Prompt
Please keep the pictures out and write out exactly the lines from the first in the data below through the one containing "90后妈妈带家人住进森林别墅丨德国丨Thuy Dao和老公T-82", both included.

......

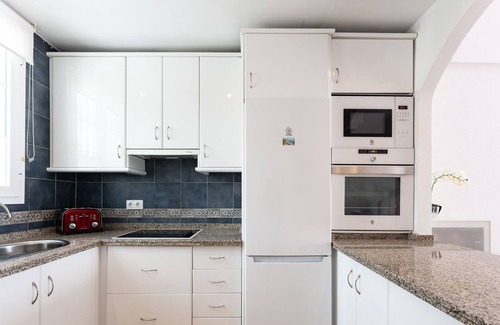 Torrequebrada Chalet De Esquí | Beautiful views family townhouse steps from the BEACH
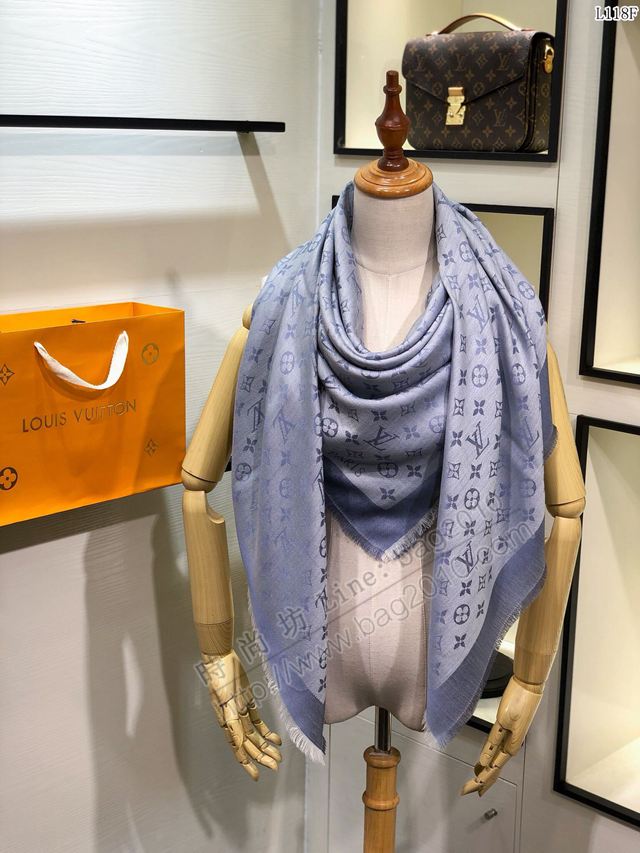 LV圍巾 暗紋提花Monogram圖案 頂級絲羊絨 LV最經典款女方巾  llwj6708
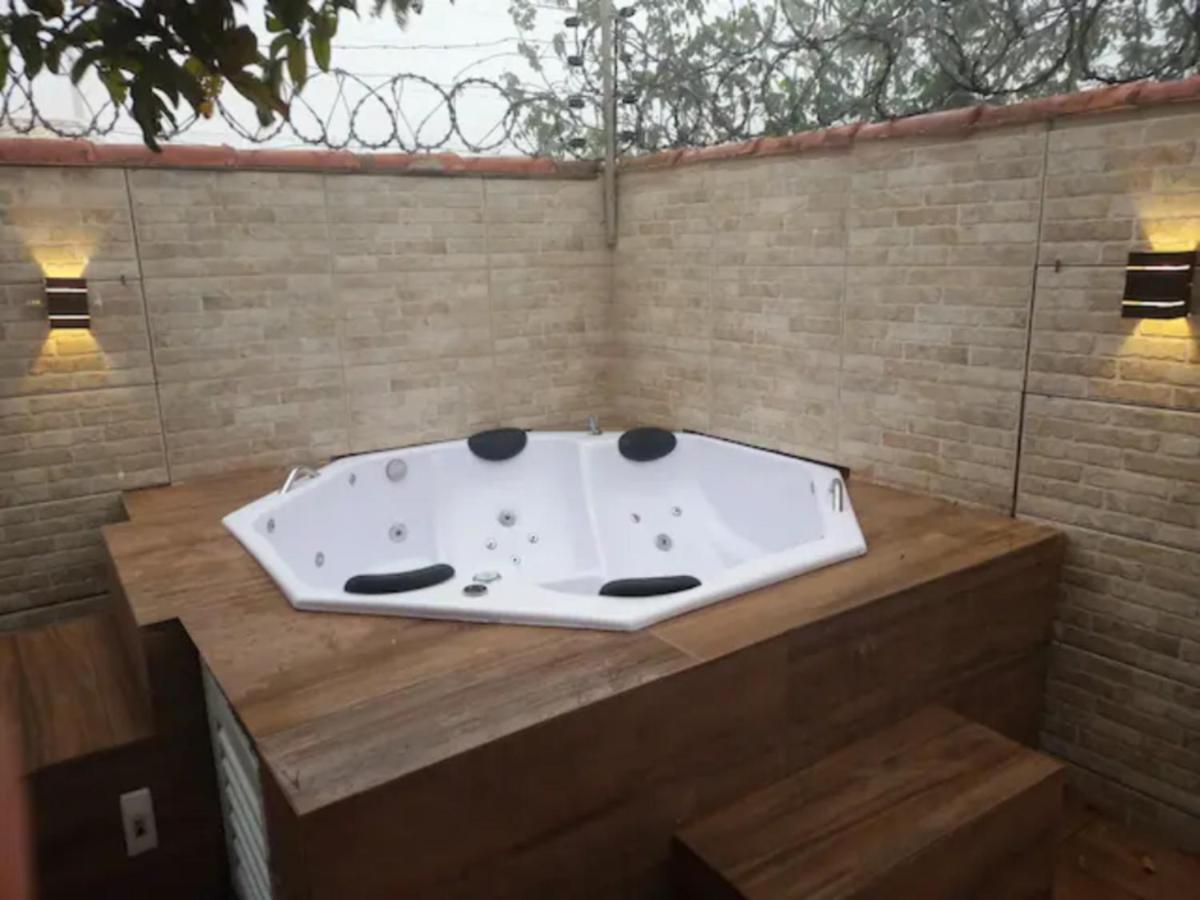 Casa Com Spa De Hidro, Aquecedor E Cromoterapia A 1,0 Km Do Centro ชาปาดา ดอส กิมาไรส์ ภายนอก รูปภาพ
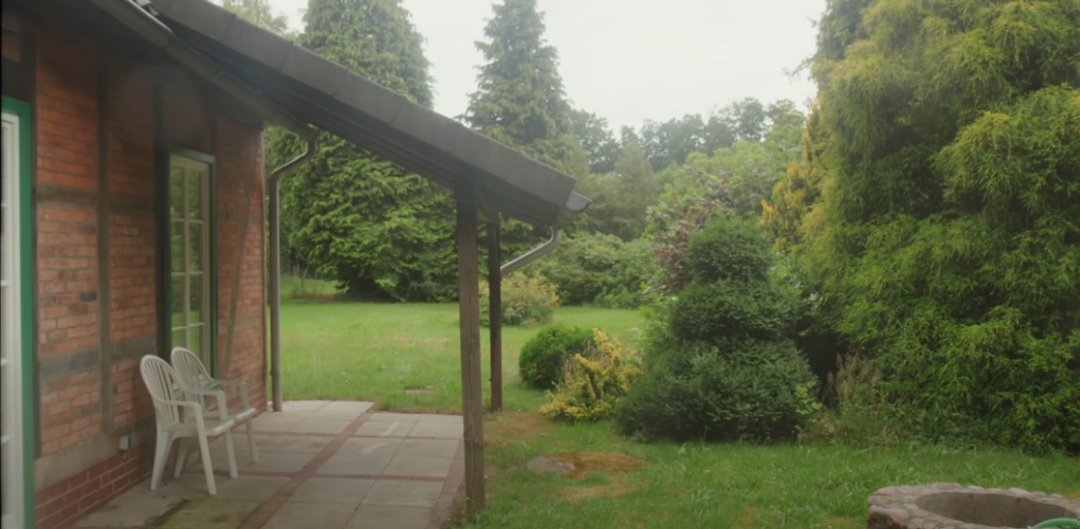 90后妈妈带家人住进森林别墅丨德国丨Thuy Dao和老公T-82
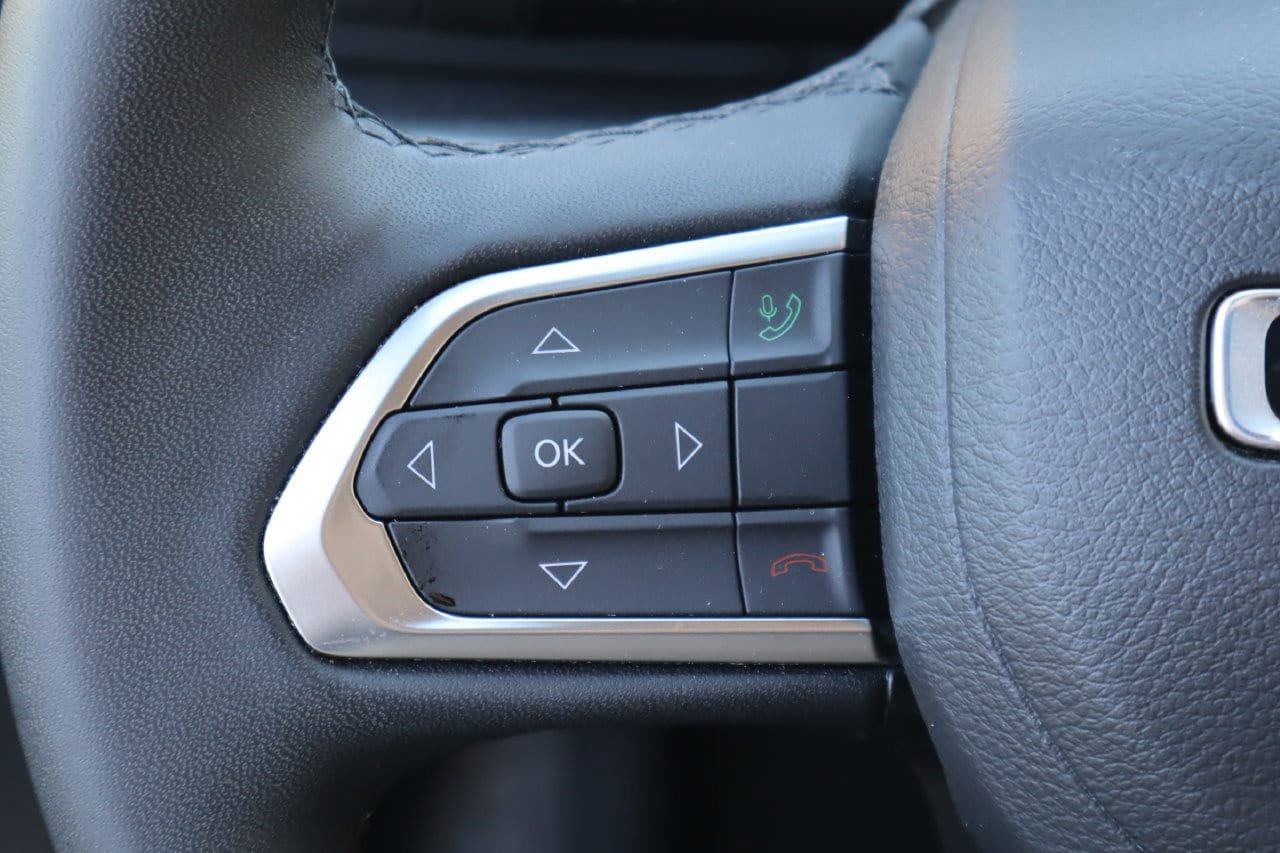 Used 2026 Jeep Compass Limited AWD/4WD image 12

......

Task result
 Torrequebrada Chalet De Esquí | Beautiful views family townhouse steps from the BEACH
 LV圍巾 暗紋提花Monogram圖案 頂級絲羊絨 LV最經典款女方巾  llwj6708
 Casa Com Spa De Hidro, Aquecedor E Cromoterapia A 1,0 Km Do Centro ชาปาดา ดอส กิมาไรส์ ภายนอก รูปภาพ
 90后妈妈带家人住进森林别墅丨德国丨Thuy Dao和老公T-82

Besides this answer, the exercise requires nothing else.